-- PROVIDED DATA follows --

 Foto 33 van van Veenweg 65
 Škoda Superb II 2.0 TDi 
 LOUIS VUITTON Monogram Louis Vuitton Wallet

-- PROVIDED DATA concluded --

TASK STATEMENT
Leaving nothing out, print each line above exactly.

EXERCISE RESULT
 Foto 33 van van Veenweg 65
 Škoda Superb II 2.0 TDi 
 LOUIS VUITTON Monogram Louis Vuitton Wallet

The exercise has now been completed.